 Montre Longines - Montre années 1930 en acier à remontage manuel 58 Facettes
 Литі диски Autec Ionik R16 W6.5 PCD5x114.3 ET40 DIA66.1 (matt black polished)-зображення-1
* * *
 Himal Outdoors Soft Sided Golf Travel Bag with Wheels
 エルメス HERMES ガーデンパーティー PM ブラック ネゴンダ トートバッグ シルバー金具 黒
==
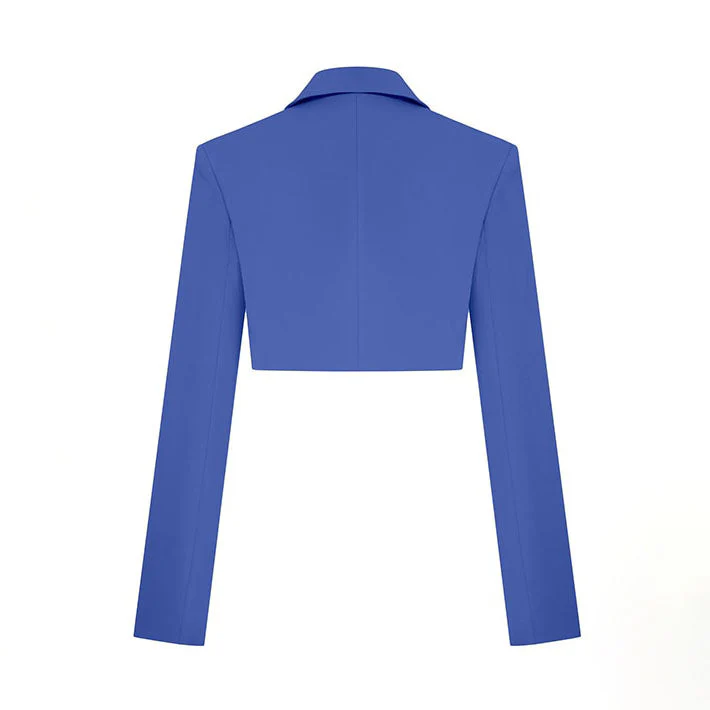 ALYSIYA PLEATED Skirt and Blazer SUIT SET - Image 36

## EXERCISE AIM
In the listing above, find the line with "Montre Longines - Montre" and the line with "Литі диски Autec", then print exactly those lines and every line between them.

## RESULT BELOW
 Montre Longines - Montre années 1930 en acier à remontage manuel 58 Facettes
 Литі диски Autec Ionik R16 W6.5 PCD5x114.3 ET40 DIA66.1 (matt black polished)-зображення-1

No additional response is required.